個人消費に占めるキャッシュレス決済の割合が過去最高になった。現金がお役御免になるのかと思いきや、意外にも小売店に置かれるレジ向け釣銭機の出荷台数は伸びている。現金処理機大手のグローリーはコロナ禍の2020年を除き、ここ10年出荷台数は毎年、前年を上回る。グローリーのビジネスからは日本のキャッシュレス化が進んでも小売り業界に残る問題が見え隠れする。

人手不足からセミセルフレジへの切り替えが進む(京王ストア府中店)
人手不足からセミセルフレジへの切り替えが進む(京王ストア府中店)

 東京都府中市のスーパーマーケット、京王ストア府中店。レジの店員がバーコードリーダーで商品の値段を読み取った後、消費者はその先にある現金精算機に紙幣を入れ、釣り銭を受け取る。

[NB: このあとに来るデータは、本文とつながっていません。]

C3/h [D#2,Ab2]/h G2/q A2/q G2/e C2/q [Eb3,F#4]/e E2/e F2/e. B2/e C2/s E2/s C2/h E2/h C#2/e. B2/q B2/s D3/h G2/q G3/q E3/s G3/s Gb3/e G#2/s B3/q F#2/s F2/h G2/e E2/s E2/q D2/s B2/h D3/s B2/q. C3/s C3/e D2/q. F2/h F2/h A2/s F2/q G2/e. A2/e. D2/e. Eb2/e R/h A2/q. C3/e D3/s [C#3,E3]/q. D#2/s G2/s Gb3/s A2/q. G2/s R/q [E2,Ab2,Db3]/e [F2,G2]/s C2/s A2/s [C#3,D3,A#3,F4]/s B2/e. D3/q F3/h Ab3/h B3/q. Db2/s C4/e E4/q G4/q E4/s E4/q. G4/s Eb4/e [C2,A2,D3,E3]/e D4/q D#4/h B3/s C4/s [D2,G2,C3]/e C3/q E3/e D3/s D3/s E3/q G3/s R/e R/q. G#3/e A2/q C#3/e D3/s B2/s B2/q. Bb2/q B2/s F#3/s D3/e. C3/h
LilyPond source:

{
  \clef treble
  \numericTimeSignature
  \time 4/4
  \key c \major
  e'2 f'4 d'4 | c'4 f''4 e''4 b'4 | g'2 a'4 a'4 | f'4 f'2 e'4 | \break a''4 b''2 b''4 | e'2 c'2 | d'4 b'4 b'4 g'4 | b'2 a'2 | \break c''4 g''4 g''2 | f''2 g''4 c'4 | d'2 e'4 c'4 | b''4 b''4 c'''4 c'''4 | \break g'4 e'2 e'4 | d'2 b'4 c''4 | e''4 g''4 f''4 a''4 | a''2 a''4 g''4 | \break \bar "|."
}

 同店にはこうしたセミセルフレジが5台置かれている。店員が現金精算するレジは1台だけだ。最近では6月に吉祥寺店のレジ4台をセミセルフレジに切り替えた。1年3店舗のペースで入れ替えており、27の総店舗数のうち11店舗でセミセルフレジを設置した。京王ストア営業本部の金子美晴氏は「将来的にはすべてセミセルフレジに切り替える計画」と話す。

 キャッシュレス化の進展にもかかわらず、セルフレジの需要は伸びている。政府が6月にまとめた2020年の日本の個人消費に占めるキャッシュレス決済の割合は19年比で2.9ポイント増の29.7%と、過去最高を更新した。統計のある10年以降で、伸び率も最大だった。交通系や金融機関、ネットサービス大手も入り乱れたキャンペーンもあってキャッシュレス決済は消費者に着実に根付き始めている。

セルフレジ向け釣銭機は5年で1.5倍に

 だが、そんな現金離れの時代でもセルフレジ向けを含めた釣り銭機で国内シェア6割と最大手のグローリーの販売台数は右肩上がり。コロナ禍の20年こそ前年比で減少したが、この10年間は毎年、前年比プラスと好調そのもの。同社は出荷台数を明らかにしていないが、20年は15年比で1.5倍に増えた。

 埼玉工場(埼玉県加須市)ではロボットを中心に8割の工程を自動化して釣り銭機を組み立てている。同社は受注が次々と舞い込み機種によっては在庫不足になっているという。スーパーだけでなく、最近では「ユニクロ」など衣料品店や家電量販店、ホームセンターなども雪崩を打ったようにセルフレジを導入している。